Cendre prit sa tête entre les mains.

« Respire..., respire un bon coup... et surtout, ne lui saute pas dessus ».

« Il faut se maîtriser... »


Lorsqu’elle se fut ressaisie, elle se redressa. Le Comte Vladislaus Straud, quatrième du nom, ne la regardait plus. Le silence s’installa entre eux un long moment avant qu’il ne s’en aille et ne la laisse seule.


Elle avait toujours soupçonné qu’il était l’auteur de la disparition de Lucas, et cette nuit, elle en avait la certitude.

Sa pire crainte s’était réalisée. Elle ne pourrait pas venger Lucas car elle ne pouvait pas tuer Vladislaus. Ils étaient liés l’un à l’autre pour rouvrir les portes de la Vallée.

« Je dois être maudite... »


Isaure choisit ce moment-là pour arriver dans le jardin.

- C’est une bien belle nuit, n’est-ce pas, Maman ?

- Oh oui, avait-elle répondu sans grand enthousiasme.


En s’approchant, elle constata que sa mère avait laissé surgir sa forme sombre.

- Maman ? Qu’est-ce qui ne va pas ?

- Tout va bien, ne t’en fais pas. Je suis un peu nostalgique, c’est tout.


Isaure n’était cependant pas dupe. Elle savait bien que quelque chose de plus sérieux tracassait sa mère. Jamais elle ne revêtait sa forme sombre, à moins d’être très fortement contrariée ou même énervée.

- Ça n’aurait pas à voir avec la photo du Duc de Riverview que j’ai aperçue dans ta crypte ?

Le sang de Cendre ne fit qu’un tour mais elle garda son calme :

- Tu as déjà enfreint les règles en pénétrant dans ma crypte, jeune fille, mais là, tu dépasses les bornes. Laisse-moi seule.


Cela n’avait pas été plus loin. Isaure s’était excusée auprès de sa mère puis s’en était allée, le cœur bien lourd de ne pouvoir soulager sa maman.


Après le départ de sa fille, Cendre s’était rendue dans la forêt, derrière la maison de l’Ail, là où Lucas et elle-même s’étaient promenés tous les deux un grand nombre de fois, à l’abri des regards.


Elle rêva ce jour-là, endormie dans son cercueil, de l’une de ces journées où elle s’apprêtait à se coucher avec Lucas, tous les deux côte à côte, ensemble...

- Tu devrais penser à aménager une crypte pour tes enfants... Ils grandissent et bientôt, ils auront besoin d’un cercueil.


A cette époque-là, Samuel et Isaure n’étaient que des enfants, Blanche et Clotaire, des bambins, et elle ignorait que, seul, Alaric serait un vampire sur sa seconde portée de jumeaux.

Les combats dans les catacombes n’avaient pas encore eu lieu et l’idée lui avait semblé tellement farfelue...

- Un cercueil ? C’est peut-être un peu tôt, tu ne trouves pas ?

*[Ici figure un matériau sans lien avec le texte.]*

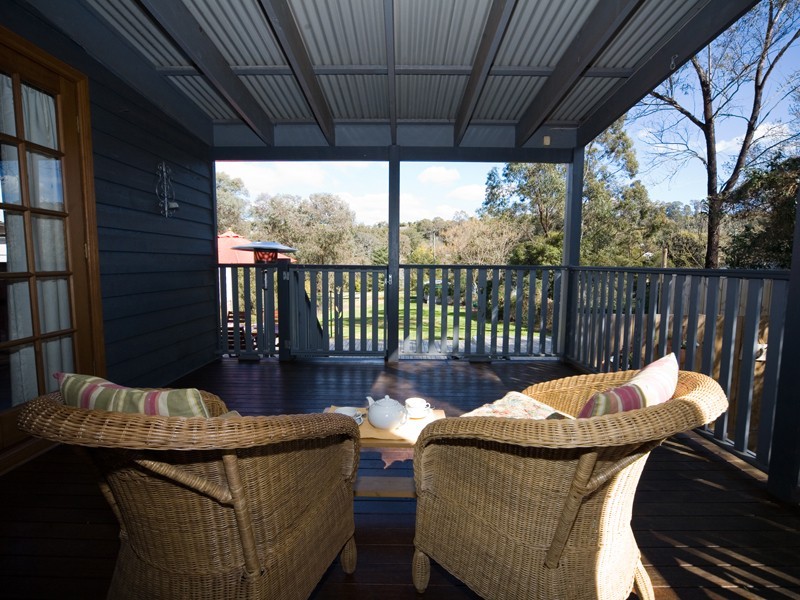 13 Campbell Street, Picton NSW 2571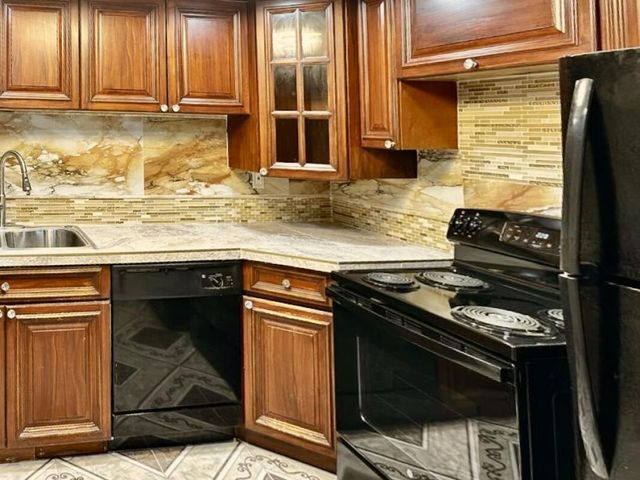 610 NW 13th Street 23, Boca Raton, FL 33486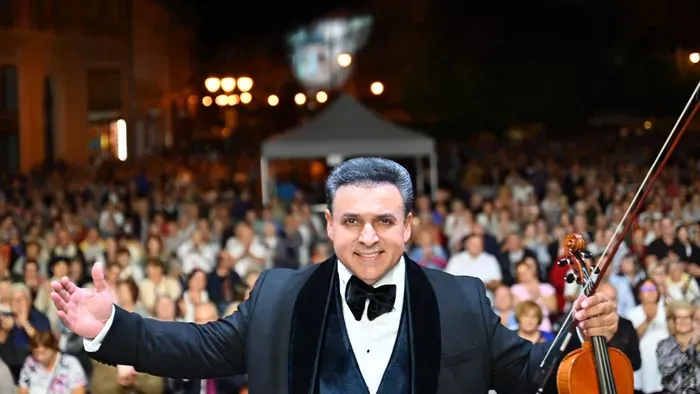 Lázas betegen is színpadra állt Mága Zoltán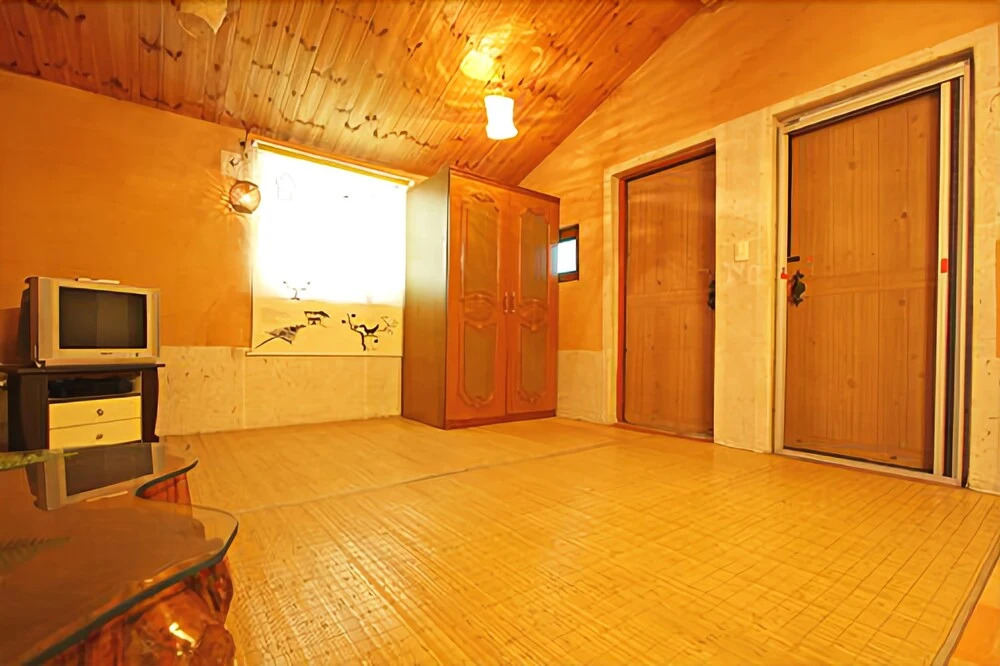 Yangpyeong Korean Cultural Home Pension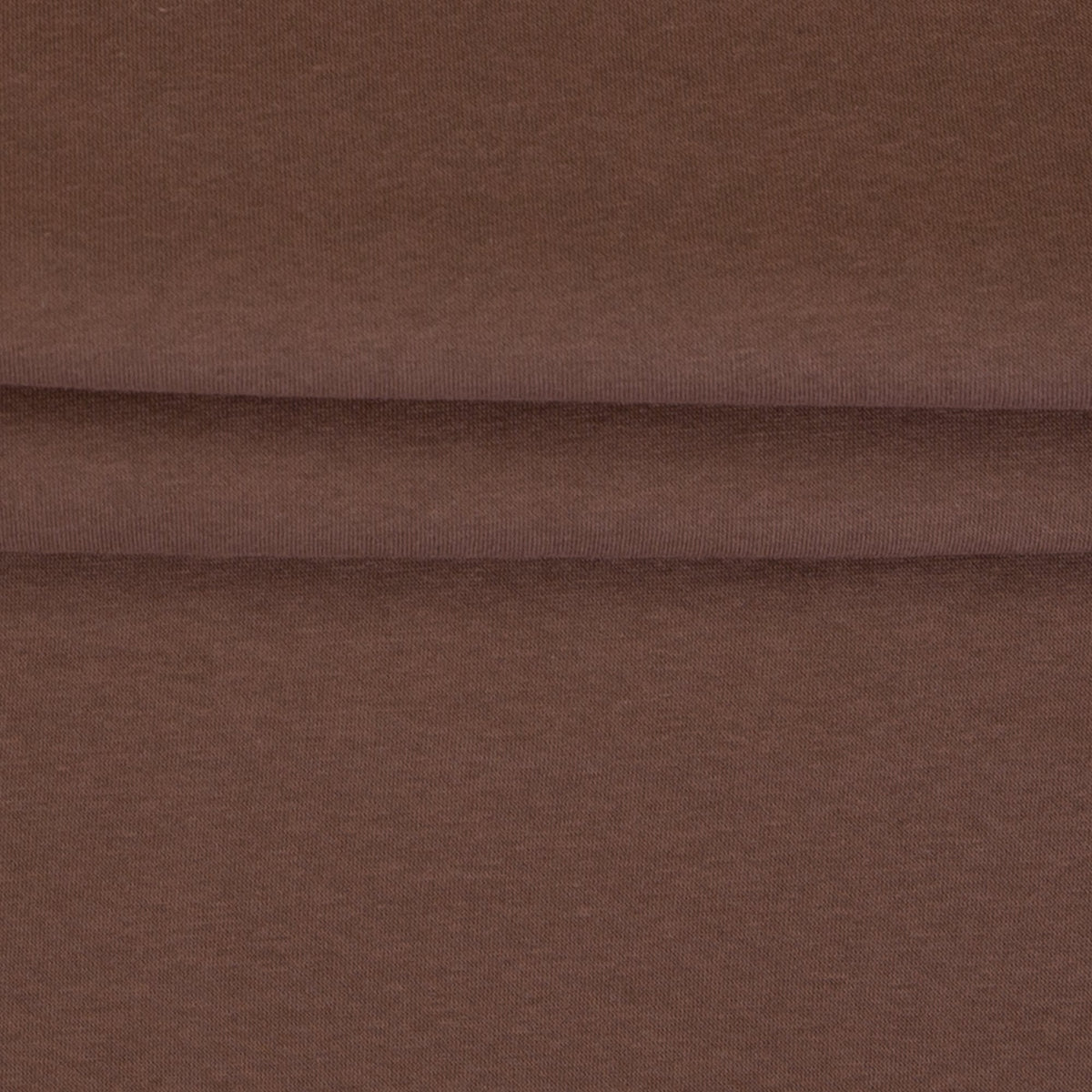 Image de tissu en maille matelassée en coton, brun cannelle – disponible en ligne chez Šarlotes audumi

Pourtant, aujourd’hui, l’idée ne paraissait pas si absurde que cela. En se réveillant, Cendre avait conduit ses enfants jusqu’à une grande pièce déserte de la crypte. Cette pièce avait été construite, en son temps, par Nathan Livinghell, et les murs commençaient à se fissurer. Le carrelage non plus, n’était pas de toute première jeunesse.

Cendre leur expliqua son projet puis leur demanda ce qu’ils en pensaient.

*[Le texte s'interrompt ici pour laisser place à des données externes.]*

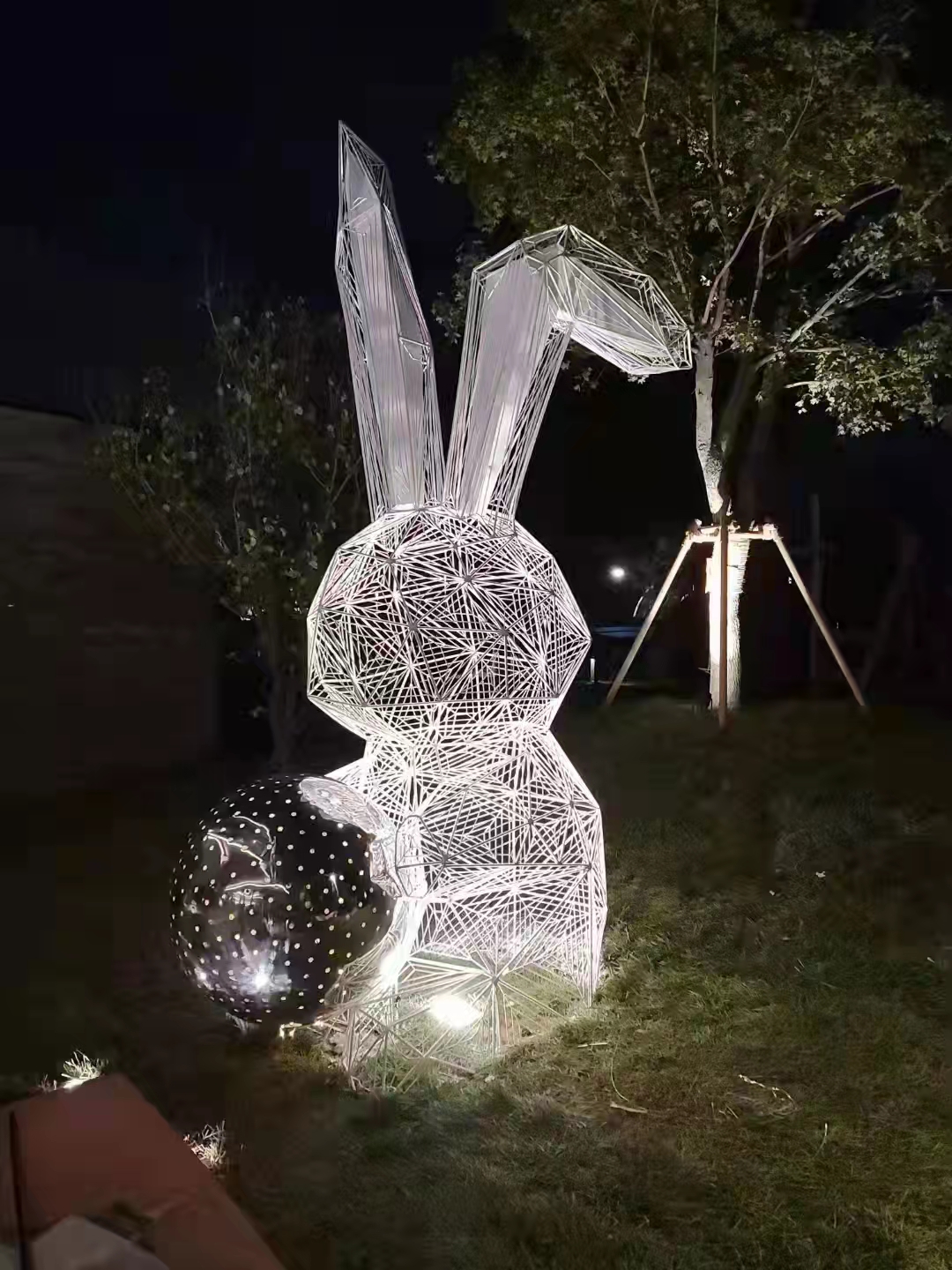 镂空兔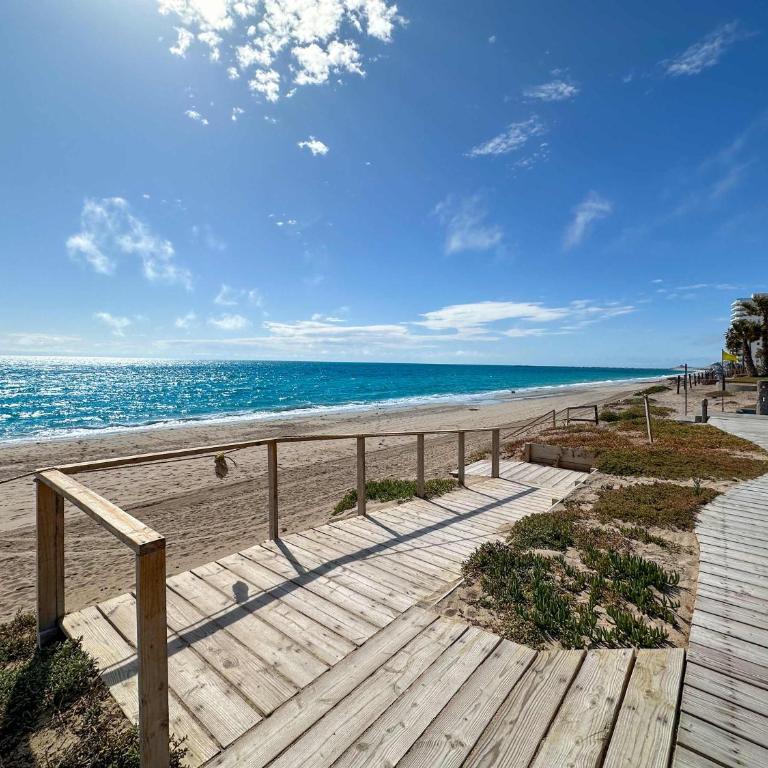 3BR Sandy Beach Villa Pools & Beach Access - Apartamento - 84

- C’est crô moche ! s’exclama Alaric.

- Ne t’en fais pas, lui répondit Clotaire, Ce sera très beau quand Maman l’aura arrangée.


Samuel et Isaure se projetaient complètement dans l’ambiance de cette pièce vide, s’imaginant déjà dormir dans leurs propres cercueils. Ils en rêvaient depuis le début de leur adolescence.

- L’endroit s’y prête à merveille, Mère, lança Samuel. On pourra garder ces murs-là ?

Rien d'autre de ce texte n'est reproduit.